The Basket

▲ Henri-Charles Guérard, 1874

Two travelers walk hand in hand along a dusty, pitted and rocky road that stretches into the distance before and behind them, without beginning or end. Short hills roll away to either side, carpeted with dry grass and furnished with stunted trees. An empty blue sky stretches to the shimmering horizon. The buzzards circling high above are the only sign of life; there are no animals on the ground, nor any in the trees.

The travelers exchanged gifts at the beginning of the journey, each giving the other a handmade wicker basket. The baskets are now old and tattered, but still in constant use, fastened like backpacks. When they reach a stone that blocks the path, one of the travelers lifts it from the road, wipes the dust from it, and drops it into the other’s basket. On a good day there are only a few small rocks, but sometimes there are many heavy boulders.
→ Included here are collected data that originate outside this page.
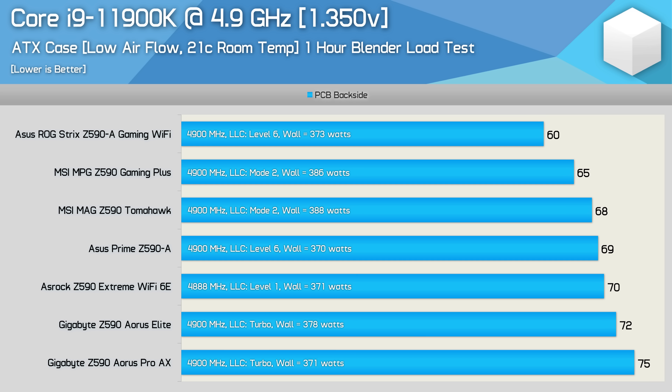With all boards overclocked to 4.9GHz, power consumption from the wall increased to between 371 and 388W depending on the model. It was the ASUS ROG Strix Z590A Gaming Wi-Fi that produced the best result, running 5 degrees cooler than the MSI Z590 Gaming Plus, which was the next best model. The MSI Tomahawk also did really well, running just 3 degrees hotter again at 68 degrees, and then we have the ASUS Prime Z590A at 69 degrees.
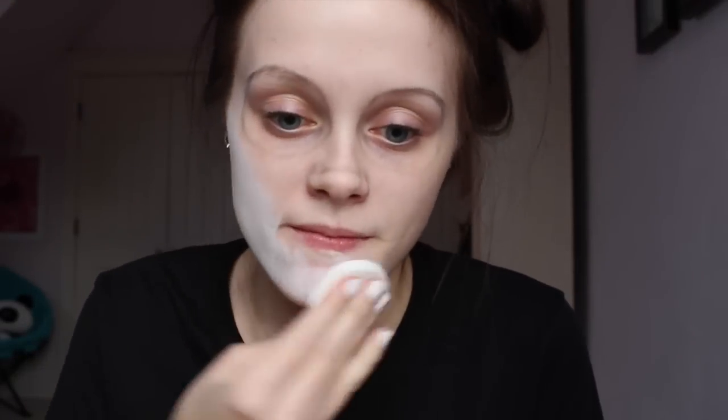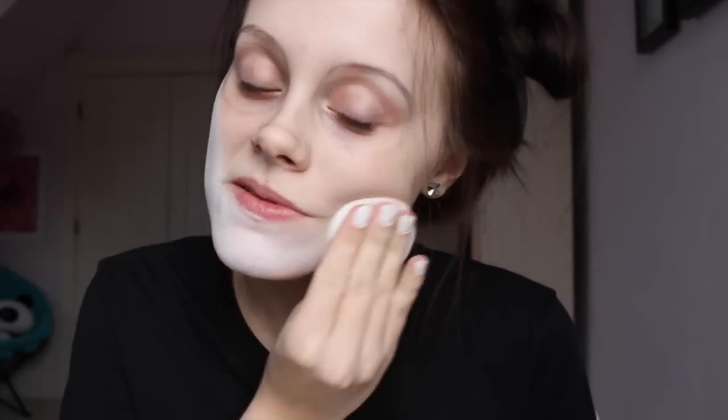With some cosmetic wedges and white makeup, cover your face. Avoid your nose and eyes. I used grease makeup, but you can use any kind.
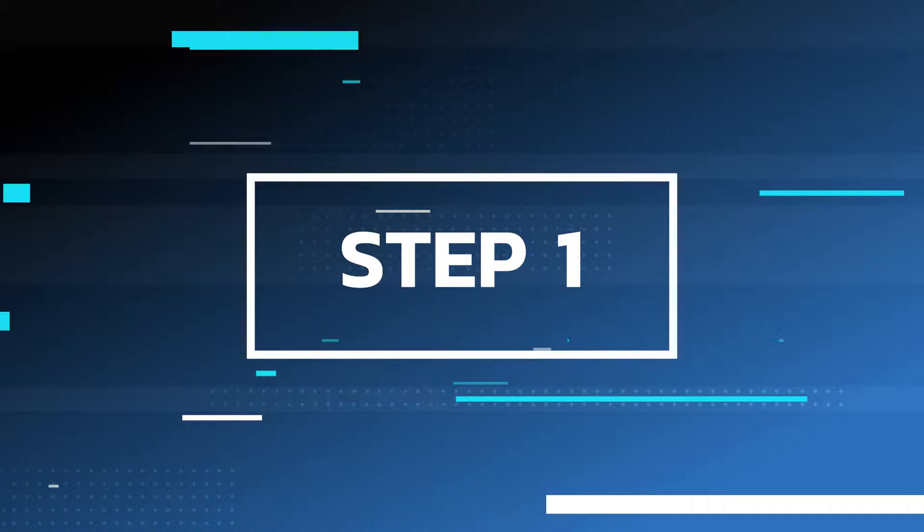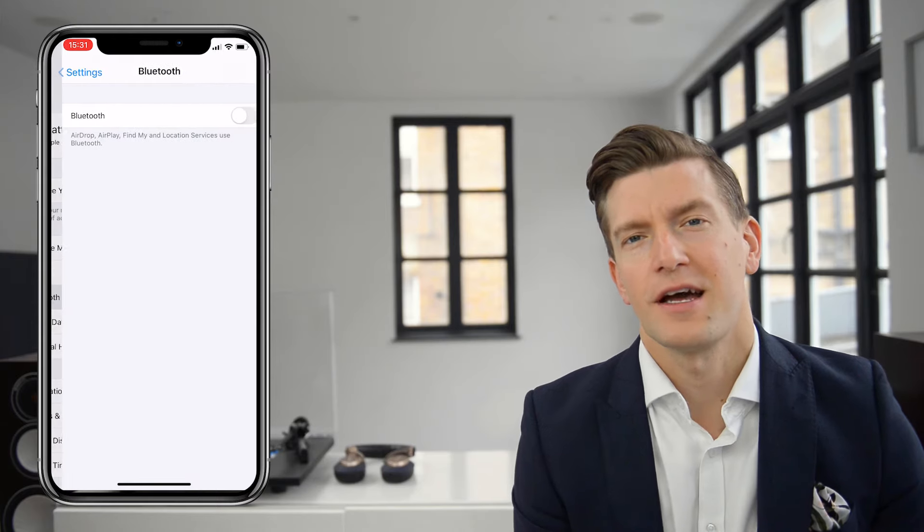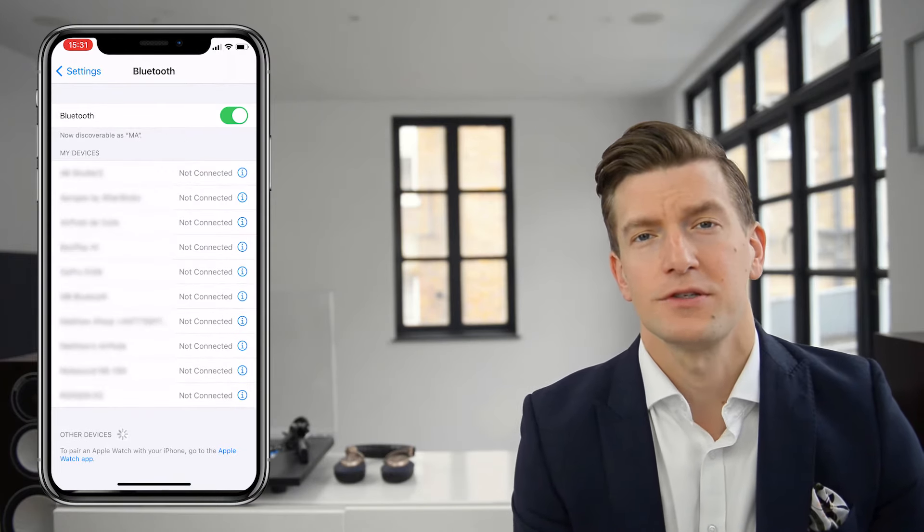The easiest way to show you how this works is to record my screen so you can see exactly which steps to take. Step one: open the Settings app on your iPhone, go down to Bluetooth, open that, and there should be a slider at the top. Slide it and make sure it's switched on and green.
The hard, unforgiving, mineral weight of the baskets makes them difficult to lift and harder to carry, but the travelers march on, walking unevenly and occasionally staggering under their burden.
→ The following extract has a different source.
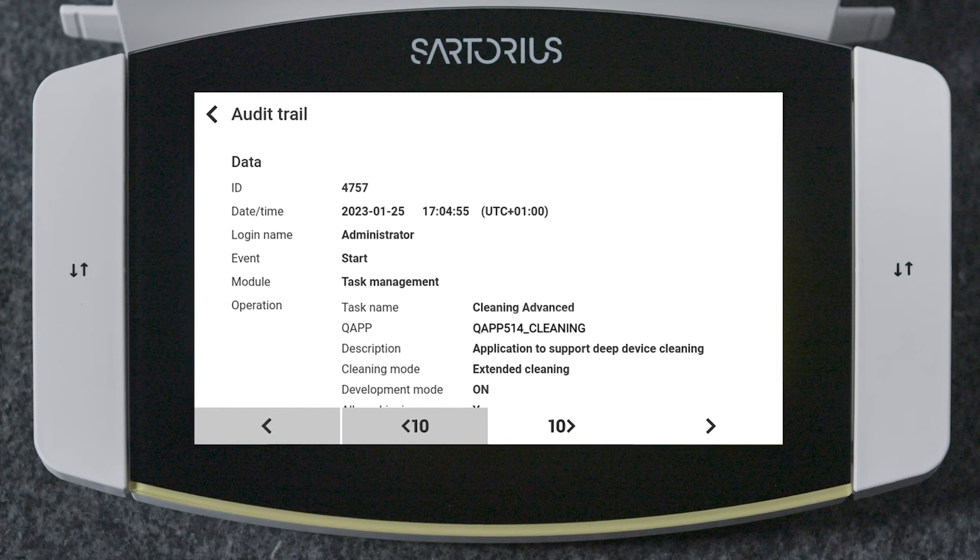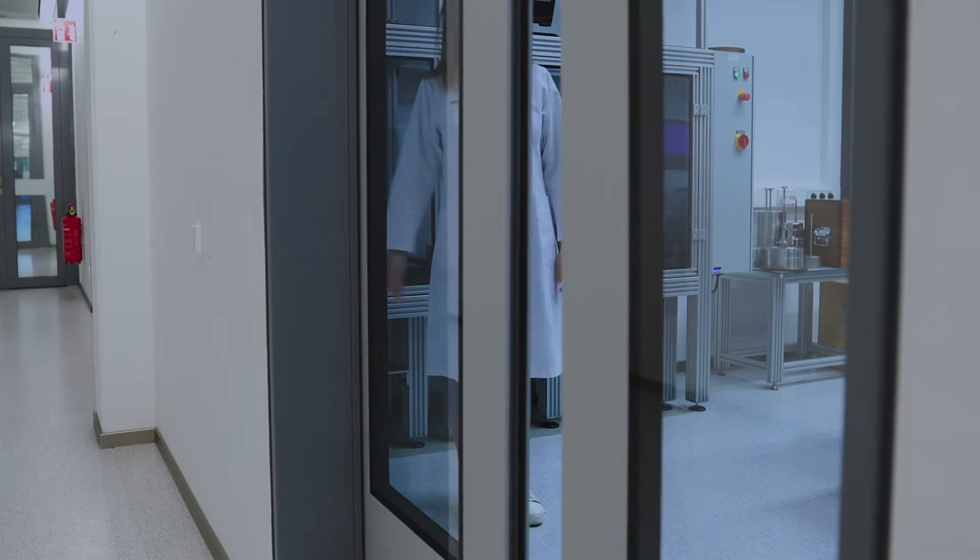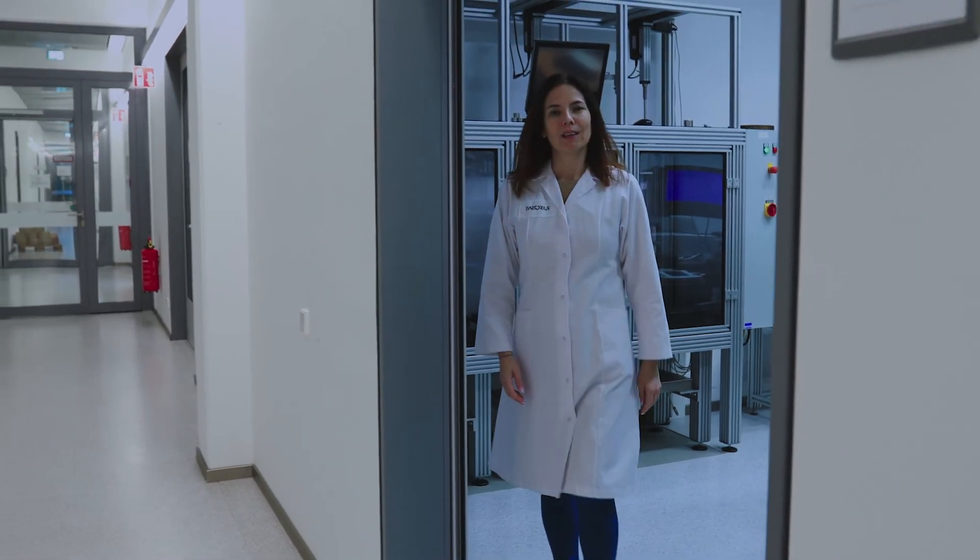If you need to keep records of your cleaning process for your compliance needs, the new cleaning app helps you do that. The app maintains a complete record of all cleaning events in the audit trail. The new QBIS II Ultra High Resolution Balance was made with our customers in mind. We know cleaning can be a challenge — that's why we made the process simple and straightforward, so you can focus on what's important.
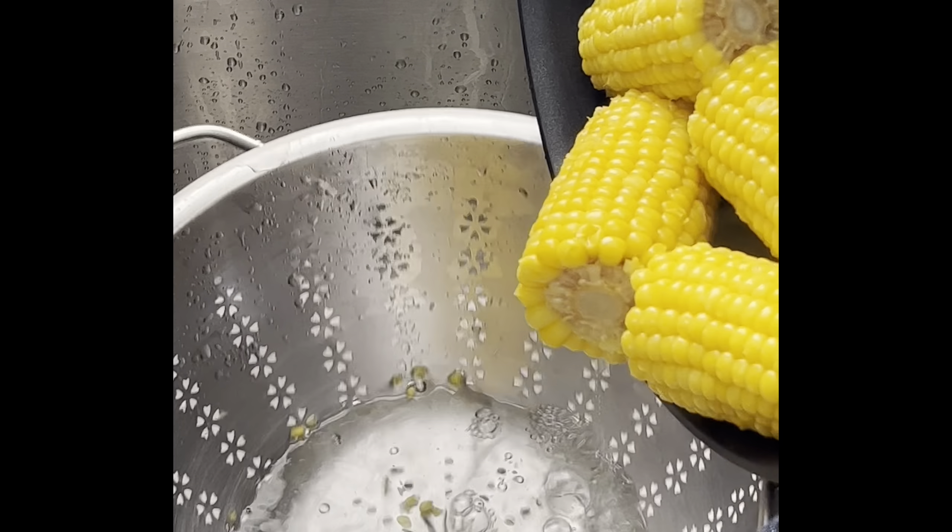Preheat the Traeger Flat Rock griddle or whatever indoor or outdoor flat top griddle you're using to medium heat. Then add oil or butter to the griddle, add the corn on the cob, and season it with salt and pepper if you want. Flip it around for a few minutes until the sides are all browned and tasty, like you see here.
Fissures and gaps have developed in the battered baskets, through which the stones slowly escape. New stones placed in the baskets are felt as keenly as fresh bruises; old stones slip away quietly, without notice. It is only these holes that prevent the baskets from overflowing, the straps from breaking, the travelers from collapsing. Nevertheless, they walk on, collecting more stones as they go, each trusting the other not to make the load too heavy.

This entry is part of my journal, published October 28, 2002, in New York.